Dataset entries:

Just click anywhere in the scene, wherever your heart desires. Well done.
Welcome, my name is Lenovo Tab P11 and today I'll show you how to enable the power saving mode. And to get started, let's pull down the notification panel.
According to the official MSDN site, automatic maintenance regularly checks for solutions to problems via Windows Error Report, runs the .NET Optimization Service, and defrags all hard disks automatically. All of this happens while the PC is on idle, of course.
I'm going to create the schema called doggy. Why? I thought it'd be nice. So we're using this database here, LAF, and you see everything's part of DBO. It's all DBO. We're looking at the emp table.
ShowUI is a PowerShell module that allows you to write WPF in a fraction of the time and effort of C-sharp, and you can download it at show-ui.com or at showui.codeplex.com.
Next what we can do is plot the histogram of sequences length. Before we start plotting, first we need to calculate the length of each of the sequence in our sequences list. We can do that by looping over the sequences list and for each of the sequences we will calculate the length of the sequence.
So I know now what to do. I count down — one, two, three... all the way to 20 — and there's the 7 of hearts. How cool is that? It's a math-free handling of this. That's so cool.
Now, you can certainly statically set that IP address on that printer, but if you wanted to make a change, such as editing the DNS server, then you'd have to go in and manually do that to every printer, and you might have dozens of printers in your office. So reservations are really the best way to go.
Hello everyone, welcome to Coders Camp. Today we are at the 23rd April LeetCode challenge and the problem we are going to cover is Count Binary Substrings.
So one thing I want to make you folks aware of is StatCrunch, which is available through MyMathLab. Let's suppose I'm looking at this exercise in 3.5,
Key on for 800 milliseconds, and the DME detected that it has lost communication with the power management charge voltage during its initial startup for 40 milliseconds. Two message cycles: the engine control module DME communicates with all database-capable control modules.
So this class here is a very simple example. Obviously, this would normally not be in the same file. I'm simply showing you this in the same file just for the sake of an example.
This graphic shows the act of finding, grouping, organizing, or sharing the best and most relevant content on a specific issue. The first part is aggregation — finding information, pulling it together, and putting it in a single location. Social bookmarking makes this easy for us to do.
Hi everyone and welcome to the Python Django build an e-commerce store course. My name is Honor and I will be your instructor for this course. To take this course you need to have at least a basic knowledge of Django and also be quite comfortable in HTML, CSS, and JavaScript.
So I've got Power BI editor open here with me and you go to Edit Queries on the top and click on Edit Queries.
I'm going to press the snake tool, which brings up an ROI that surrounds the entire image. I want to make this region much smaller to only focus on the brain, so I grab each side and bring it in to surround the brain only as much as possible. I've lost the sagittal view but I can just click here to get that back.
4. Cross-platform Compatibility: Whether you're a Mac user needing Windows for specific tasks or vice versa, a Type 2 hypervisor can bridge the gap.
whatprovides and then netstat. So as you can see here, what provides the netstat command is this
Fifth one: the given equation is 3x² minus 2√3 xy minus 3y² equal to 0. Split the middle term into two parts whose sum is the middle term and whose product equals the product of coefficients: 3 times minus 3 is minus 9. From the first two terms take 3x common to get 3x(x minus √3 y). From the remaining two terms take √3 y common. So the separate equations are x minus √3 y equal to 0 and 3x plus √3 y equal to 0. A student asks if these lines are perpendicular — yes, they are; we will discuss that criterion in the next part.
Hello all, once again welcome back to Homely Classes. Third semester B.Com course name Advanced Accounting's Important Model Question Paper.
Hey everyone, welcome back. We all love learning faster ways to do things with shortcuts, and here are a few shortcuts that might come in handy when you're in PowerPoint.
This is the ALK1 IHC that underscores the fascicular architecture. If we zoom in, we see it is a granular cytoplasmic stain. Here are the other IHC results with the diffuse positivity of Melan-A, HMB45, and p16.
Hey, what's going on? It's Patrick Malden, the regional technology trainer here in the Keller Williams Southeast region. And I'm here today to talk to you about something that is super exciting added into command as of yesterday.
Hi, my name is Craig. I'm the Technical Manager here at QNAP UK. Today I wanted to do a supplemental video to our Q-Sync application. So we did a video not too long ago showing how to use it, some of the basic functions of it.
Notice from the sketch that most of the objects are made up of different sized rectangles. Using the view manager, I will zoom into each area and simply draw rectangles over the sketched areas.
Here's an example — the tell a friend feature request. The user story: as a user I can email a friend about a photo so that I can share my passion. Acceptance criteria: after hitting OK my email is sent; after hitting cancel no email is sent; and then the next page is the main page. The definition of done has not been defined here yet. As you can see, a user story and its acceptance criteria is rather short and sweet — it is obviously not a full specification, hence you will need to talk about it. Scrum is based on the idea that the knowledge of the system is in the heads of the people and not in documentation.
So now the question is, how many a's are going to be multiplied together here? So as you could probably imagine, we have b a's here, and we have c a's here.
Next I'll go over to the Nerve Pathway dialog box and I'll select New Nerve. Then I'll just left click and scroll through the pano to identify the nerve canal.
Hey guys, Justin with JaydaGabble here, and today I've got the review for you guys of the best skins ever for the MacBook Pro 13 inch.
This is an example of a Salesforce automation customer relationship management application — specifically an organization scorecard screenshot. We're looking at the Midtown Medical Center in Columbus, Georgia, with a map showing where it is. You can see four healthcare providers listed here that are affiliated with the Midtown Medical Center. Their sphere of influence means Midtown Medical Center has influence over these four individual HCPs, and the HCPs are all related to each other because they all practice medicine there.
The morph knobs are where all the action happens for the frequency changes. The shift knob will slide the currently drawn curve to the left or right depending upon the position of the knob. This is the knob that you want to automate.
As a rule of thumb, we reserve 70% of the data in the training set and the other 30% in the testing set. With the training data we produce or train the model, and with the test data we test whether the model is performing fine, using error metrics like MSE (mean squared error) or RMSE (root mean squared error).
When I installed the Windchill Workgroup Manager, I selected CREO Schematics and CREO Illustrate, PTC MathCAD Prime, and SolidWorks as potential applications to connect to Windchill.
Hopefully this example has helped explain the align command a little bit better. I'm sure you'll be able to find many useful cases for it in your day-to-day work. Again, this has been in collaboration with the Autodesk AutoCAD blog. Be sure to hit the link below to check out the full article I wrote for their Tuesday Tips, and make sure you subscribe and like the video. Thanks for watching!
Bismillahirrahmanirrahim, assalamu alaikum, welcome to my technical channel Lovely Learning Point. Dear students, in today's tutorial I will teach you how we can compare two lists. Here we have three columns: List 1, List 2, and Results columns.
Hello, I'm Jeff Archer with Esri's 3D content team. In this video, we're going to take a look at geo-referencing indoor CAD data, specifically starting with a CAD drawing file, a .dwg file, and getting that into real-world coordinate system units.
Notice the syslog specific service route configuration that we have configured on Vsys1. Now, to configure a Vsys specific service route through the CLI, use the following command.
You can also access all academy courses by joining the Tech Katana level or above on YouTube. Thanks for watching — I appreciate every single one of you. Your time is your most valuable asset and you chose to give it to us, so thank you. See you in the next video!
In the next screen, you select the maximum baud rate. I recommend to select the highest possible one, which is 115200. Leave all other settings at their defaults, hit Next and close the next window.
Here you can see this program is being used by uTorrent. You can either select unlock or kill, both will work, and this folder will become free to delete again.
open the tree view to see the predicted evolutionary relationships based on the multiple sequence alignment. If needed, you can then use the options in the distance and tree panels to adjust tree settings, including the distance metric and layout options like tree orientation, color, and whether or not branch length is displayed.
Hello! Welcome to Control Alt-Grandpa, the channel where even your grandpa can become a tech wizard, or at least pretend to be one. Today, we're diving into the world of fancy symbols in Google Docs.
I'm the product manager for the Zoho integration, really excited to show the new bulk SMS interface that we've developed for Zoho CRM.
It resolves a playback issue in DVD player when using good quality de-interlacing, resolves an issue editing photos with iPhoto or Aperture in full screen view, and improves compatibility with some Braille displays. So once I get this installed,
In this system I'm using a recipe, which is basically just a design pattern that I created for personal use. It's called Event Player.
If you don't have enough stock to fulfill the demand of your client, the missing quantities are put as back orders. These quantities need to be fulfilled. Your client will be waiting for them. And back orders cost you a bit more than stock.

* [Problem description]
Retype the records above in full. Every word should match.

* [Result below]
Just click anywhere in the scene, wherever your heart desires. Well done.
Welcome, my name is Lenovo Tab P11 and today I'll show you how to enable the power saving mode. And to get started, let's pull down the notification panel.
According to the official MSDN site, automatic maintenance regularly checks for solutions to problems via Windows Error Report, runs the .NET Optimization Service, and defrags all hard disks automatically. All of this happens while the PC is on idle, of course.
I'm going to create the schema called doggy. Why? I thought it'd be nice. So we're using this database here, LAF, and you see everything's part of DBO. It's all DBO. We're looking at the emp table.
ShowUI is a PowerShell module that allows you to write WPF in a fraction of the time and effort of C-sharp, and you can download it at show-ui.com or at showui.codeplex.com.
Next what we can do is plot the histogram of sequences length. Before we start plotting, first we need to calculate the length of each of the sequence in our sequences list. We can do that by looping over the sequences list and for each of the sequences we will calculate the length of the sequence.
So I know now what to do. I count down — one, two, three... all the way to 20 — and there's the 7 of hearts. How cool is that? It's a math-free handling of this. That's so cool.
Now, you can certainly statically set that IP address on that printer, but if you wanted to make a change, such as editing the DNS server, then you'd have to go in and manually do that to every printer, and you might have dozens of printers in your office. So reservations are really the best way to go.
Hello everyone, welcome to Coders Camp. Today we are at the 23rd April LeetCode challenge and the problem we are going to cover is Count Binary Substrings.
So one thing I want to make you folks aware of is StatCrunch, which is available through MyMathLab. Let's suppose I'm looking at this exercise in 3.5,
Key on for 800 milliseconds, and the DME detected that it has lost communication with the power management charge voltage during its initial startup for 40 milliseconds. Two message cycles: the engine control module DME communicates with all database-capable control modules.
So this class here is a very simple example. Obviously, this would normally not be in the same file. I'm simply showing you this in the same file just for the sake of an example.
This graphic shows the act of finding, grouping, organizing, or sharing the best and most relevant content on a specific issue. The first part is aggregation — finding information, pulling it together, and putting it in a single location. Social bookmarking makes this easy for us to do.
Hi everyone and welcome to the Python Django build an e-commerce store course. My name is Honor and I will be your instructor for this course. To take this course you need to have at least a basic knowledge of Django and also be quite comfortable in HTML, CSS, and JavaScript.
So I've got Power BI editor open here with me and you go to Edit Queries on the top and click on Edit Queries.
I'm going to press the snake tool, which brings up an ROI that surrounds the entire image. I want to make this region much smaller to only focus on the brain, so I grab each side and bring it in to surround the brain only as much as possible. I've lost the sagittal view but I can just click here to get that back.
4. Cross-platform Compatibility: Whether you're a Mac user needing Windows for specific tasks or vice versa, a Type 2 hypervisor can bridge the gap.
whatprovides and then netstat. So as you can see here, what provides the netstat command is this
Fifth one: the given equation is 3x² minus 2√3 xy minus 3y² equal to 0. Split the middle term into two parts whose sum is the middle term and whose product equals the product of coefficients: 3 times minus 3 is minus 9. From the first two terms take 3x common to get 3x(x minus √3 y). From the remaining two terms take √3 y common. So the separate equations are x minus √3 y equal to 0 and 3x plus √3 y equal to 0. A student asks if these lines are perpendicular — yes, they are; we will discuss that criterion in the next part.
Hello all, once again welcome back to Homely Classes. Third semester B.Com course name Advanced Accounting's Important Model Question Paper.
Hey everyone, welcome back. We all love learning faster ways to do things with shortcuts, and here are a few shortcuts that might come in handy when you're in PowerPoint.
This is the ALK1 IHC that underscores the fascicular architecture. If we zoom in, we see it is a granular cytoplasmic stain. Here are the other IHC results with the diffuse positivity of Melan-A, HMB45, and p16.
Hey, what's going on? It's Patrick Malden, the regional technology trainer here in the Keller Williams Southeast region. And I'm here today to talk to you about something that is super exciting added into command as of yesterday.
Hi, my name is Craig. I'm the Technical Manager here at QNAP UK. Today I wanted to do a supplemental video to our Q-Sync application. So we did a video not too long ago showing how to use it, some of the basic functions of it.
Notice from the sketch that most of the objects are made up of different sized rectangles. Using the view manager, I will zoom into each area and simply draw rectangles over the sketched areas.
Here's an example — the tell a friend feature request. The user story: as a user I can email a friend about a photo so that I can share my passion. Acceptance criteria: after hitting OK my email is sent; after hitting cancel no email is sent; and then the next page is the main page. The definition of done has not been defined here yet. As you can see, a user story and its acceptance criteria is rather short and sweet — it is obviously not a full specification, hence you will need to talk about it. Scrum is based on the idea that the knowledge of the system is in the heads of the people and not in documentation.
So now the question is, how many a's are going to be multiplied together here? So as you could probably imagine, we have b a's here, and we have c a's here.
Next I'll go over to the Nerve Pathway dialog box and I'll select New Nerve. Then I'll just left click and scroll through the pano to identify the nerve canal.
Hey guys, Justin with JaydaGabble here, and today I've got the review for you guys of the best skins ever for the MacBook Pro 13 inch.
This is an example of a Salesforce automation customer relationship management application — specifically an organization scorecard screenshot. We're looking at the Midtown Medical Center in Columbus, Georgia, with a map showing where it is. You can see four healthcare providers listed here that are affiliated with the Midtown Medical Center. Their sphere of influence means Midtown Medical Center has influence over these four individual HCPs, and the HCPs are all related to each other because they all practice medicine there.
The morph knobs are where all the action happens for the frequency changes. The shift knob will slide the currently drawn curve to the left or right depending upon the position of the knob. This is the knob that you want to automate.
As a rule of thumb, we reserve 70% of the data in the training set and the other 30% in the testing set. With the training data we produce or train the model, and with the test data we test whether the model is performing fine, using error metrics like MSE (mean squared error) or RMSE (root mean squared error).
When I installed the Windchill Workgroup Manager, I selected CREO Schematics and CREO Illustrate, PTC MathCAD Prime, and SolidWorks as potential applications to connect to Windchill.
Hopefully this example has helped explain the align command a little bit better. I'm sure you'll be able to find many useful cases for it in your day-to-day work. Again, this has been in collaboration with the Autodesk AutoCAD blog. Be sure to hit the link below to check out the full article I wrote for their Tuesday Tips, and make sure you subscribe and like the video. Thanks for watching!
Bismillahirrahmanirrahim, assalamu alaikum, welcome to my technical channel Lovely Learning Point. Dear students, in today's tutorial I will teach you how we can compare two lists. Here we have three columns: List 1, List 2, and Results columns.
Hello, I'm Jeff Archer with Esri's 3D content team. In this video, we're going to take a look at geo-referencing indoor CAD data, specifically starting with a CAD drawing file, a .dwg file, and getting that into real-world coordinate system units.
Notice the syslog specific service route configuration that we have configured on Vsys1. Now, to configure a Vsys specific service route through the CLI, use the following command.
You can also access all academy courses by joining the Tech Katana level or above on YouTube. Thanks for watching — I appreciate every single one of you. Your time is your most valuable asset and you chose to give it to us, so thank you. See you in the next video!
In the next screen, you select the maximum baud rate. I recommend to select the highest possible one, which is 115200. Leave all other settings at their defaults, hit Next and close the next window.
Here you can see this program is being used by uTorrent. You can either select unlock or kill, both will work, and this folder will become free to delete again.
open the tree view to see the predicted evolutionary relationships based on the multiple sequence alignment. If needed, you can then use the options in the distance and tree panels to adjust tree settings, including the distance metric and layout options like tree orientation, color, and whether or not branch length is displayed.
Hello! Welcome to Control Alt-Grandpa, the channel where even your grandpa can become a tech wizard, or at least pretend to be one. Today, we're diving into the world of fancy symbols in Google Docs.
I'm the product manager for the Zoho integration, really excited to show the new bulk SMS interface that we've developed for Zoho CRM.
It resolves a playback issue in DVD player when using good quality de-interlacing, resolves an issue editing photos with iPhoto or Aperture in full screen view, and improves compatibility with some Braille displays. So once I get this installed,
In this system I'm using a recipe, which is basically just a design pattern that I created for personal use. It's called Event Player.
If you don't have enough stock to fulfill the demand of your client, the missing quantities are put as back orders. These quantities need to be fulfilled. Your client will be waiting for them. And back orders cost you a bit more than stock.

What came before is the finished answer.